O Mundo em Transformacao
Os documentaristas americanos Steven Bognar e Julia Reichert captam, em Industria Americana (American factory; 2019), as transforma?cos sociais e economicas do universo do trabalho
Os documentaristas americanos Steven Bognar e Julia Reichert captam, em Indústria americana (American factory; 2019), o filme vencedor do Oscar de melhor documentário na edição de 2020, as transformações sociais e econômicas do universo do trabalho: cada vez mais a automação vai eliminando algumas profissões e os seres humanos precisam adaptar-se. O ponto inicial do olhar dos realizadores americanos foi o fechamento duma fábrica da General Motors em Ohio, na crise de 2008, dando em muitos americanos desempregados; então os chineses, com seu olho clínico-negocial, se valeram dos escombros dos cenários da GM para montar uma fábrica de vidros, misturando trabalhadores chineses e americanos. O choque cultural dá-se: sindicatos e legislação trabalhista atrapalham o sistema chinês, que nominalmente é dito comunista e no entanto é mais asperamente neoliberal que em qualquer lugar do mundo. O liberalismo americano não se casa muito bem com as formas econômicas austeras dos chineses, que parece ser algo adiante do neoliberalismo ocidental. Bognar e Reichert põem em choque complexo os universos do Oriente e do Ocidente, por assim dizer.
O filme fora exibido num festival de cinema; dois executivos da High Ground Productions, empresa do casal Barack e Michelle Obama, estavam presentes no festival e acertaram os direitos de produção final, divulgação e distribuição do filme, juntamente com a Netflix, que é o canal onde atualmente se pode ver Indústria americana.
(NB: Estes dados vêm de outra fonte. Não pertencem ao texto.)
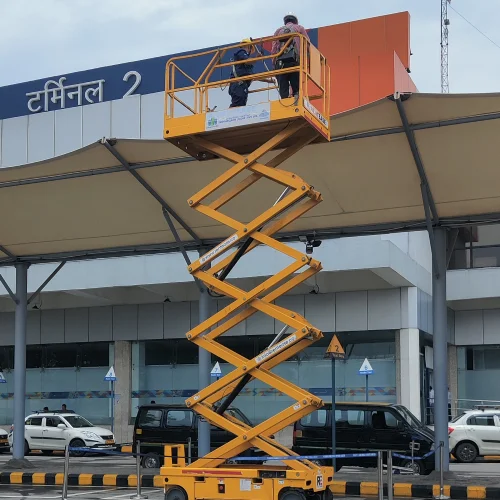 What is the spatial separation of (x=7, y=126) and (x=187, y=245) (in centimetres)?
2695

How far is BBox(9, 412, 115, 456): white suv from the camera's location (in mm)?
27409

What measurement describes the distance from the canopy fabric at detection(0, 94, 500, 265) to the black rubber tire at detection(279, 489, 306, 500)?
19.2ft

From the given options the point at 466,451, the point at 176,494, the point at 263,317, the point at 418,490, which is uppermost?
the point at 263,317

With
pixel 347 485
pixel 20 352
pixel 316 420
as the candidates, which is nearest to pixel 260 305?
pixel 347 485

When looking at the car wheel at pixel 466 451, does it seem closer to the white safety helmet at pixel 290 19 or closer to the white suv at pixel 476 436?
the white suv at pixel 476 436

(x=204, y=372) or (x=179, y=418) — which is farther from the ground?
(x=204, y=372)

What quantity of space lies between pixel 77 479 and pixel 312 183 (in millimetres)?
8057

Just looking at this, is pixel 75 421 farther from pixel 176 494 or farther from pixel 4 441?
pixel 176 494

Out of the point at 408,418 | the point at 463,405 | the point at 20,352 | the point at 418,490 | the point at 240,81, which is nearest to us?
the point at 240,81

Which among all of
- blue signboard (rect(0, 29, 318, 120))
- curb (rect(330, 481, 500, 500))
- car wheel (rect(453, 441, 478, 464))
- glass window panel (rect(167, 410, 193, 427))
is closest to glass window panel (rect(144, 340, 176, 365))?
glass window panel (rect(167, 410, 193, 427))

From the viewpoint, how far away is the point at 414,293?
29.4m

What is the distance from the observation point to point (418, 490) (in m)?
15.6

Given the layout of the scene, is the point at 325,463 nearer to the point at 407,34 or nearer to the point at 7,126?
the point at 407,34

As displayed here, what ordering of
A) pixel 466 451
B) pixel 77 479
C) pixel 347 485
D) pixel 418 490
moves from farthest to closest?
pixel 466 451, pixel 77 479, pixel 347 485, pixel 418 490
Quem assistiu, há alguns anos, em salas alternativas no Brasil, à obra-prima A oeste dos trilhos (2003), do chinês Wang Bing, que também era um documentário, vai descobrir que a visão oriental da submissão trabalhista chinesa tem um lamento que escapa à visão americana, os americanos pintam o trabalhador chinês um pouco como um robô, contrapondo-o ao trabalhador americano como um operário mais rebelde. O conflito da visão americana de Indústria americana sobre um acontecimento sino-americano (trabalhadores chineses e americanos no mesmo espaço) se insere nos próprios conflitos temáticos da realização, enriquecendo a visão que se possa ter da grandeza e dos limites do documentário em exibição na Netflix.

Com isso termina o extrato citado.